Now would like to analyse that whether each complaint has video as an evidence.
ggplot(ccrb, aes(x=ccrb$UniqueComplaintId, fill= ccrb$Complaint.Has.Video.Evidence)) + geom_bar(stat = "count") + labs (title = "UniqueComplaintId by Complaint Has Video Evidence", x="UniqueComplaintId", y="Number") + scale_fill_discrete(name = "Has Video Evidence")
Above graph states that not most of the graph has video as an evidence.
Now we need to analyse that whther complaint was fully investigated and does it have any video evidence.
ggplot(ccrb, aes(x=ccrb$Is.Full.Investigation, fill= ccrb$Complaint.Has.Video.Evidence)) + geom_bar(stat = "count") + labs (title = "Investigation by Evidence", x="Is Full Investigation", y="Number") + scale_fill_discrete(name = "Has Video Evidence")
From the above graph we can observe that Most of the complaints which were fully investigated doesn’t have video evidence but we can also observe that there were some cases which had video evidence which might have helped to complete the investigation.

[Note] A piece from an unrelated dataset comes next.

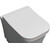 Сиденье с крышкой для унитаза White Ceramic Idea микролифт WC100S01SL - фото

The complaints which were not fully investigated had very few number of video evidence
Now I would like to analyse number of complaints were fully investigated each year.
ggplot(ccrb, aes(x=ccrb$Close.Year, fill= ccrb$Is.Full.Investigation)) + geom_bar(stat = "count") + labs (title = "Number of Case Closed Each Year by Investigation", x="Close Year", y="Number") + scale_fill_discrete(name = "Is Full Investigation")
At last I would like to observe what was the outcome after the case was closed.
ggplot(ccrb, aes(x=ccrb$Close.Year, fill= ccrb$Encounter.Outcome)) + geom_bar(stat = "count") + labs (title = "Close Year by Outcome", x="Close Year", y="Number") + theme (legend.position = "bottom") + scale_fill_discrete(name = "Encountered Outcome")
-Number of complaints gradually reduced after 2009. -People prefer to file complaint in CCRB but some incidents were reported after few months/years from the date of incident -Most of the incident was received against brooklyn borough. -Most of the allegation fado type was “Abuse of authority”. -Most of the incident occurred in street/highway and apartment where the FADO type is “Abuse of authority”.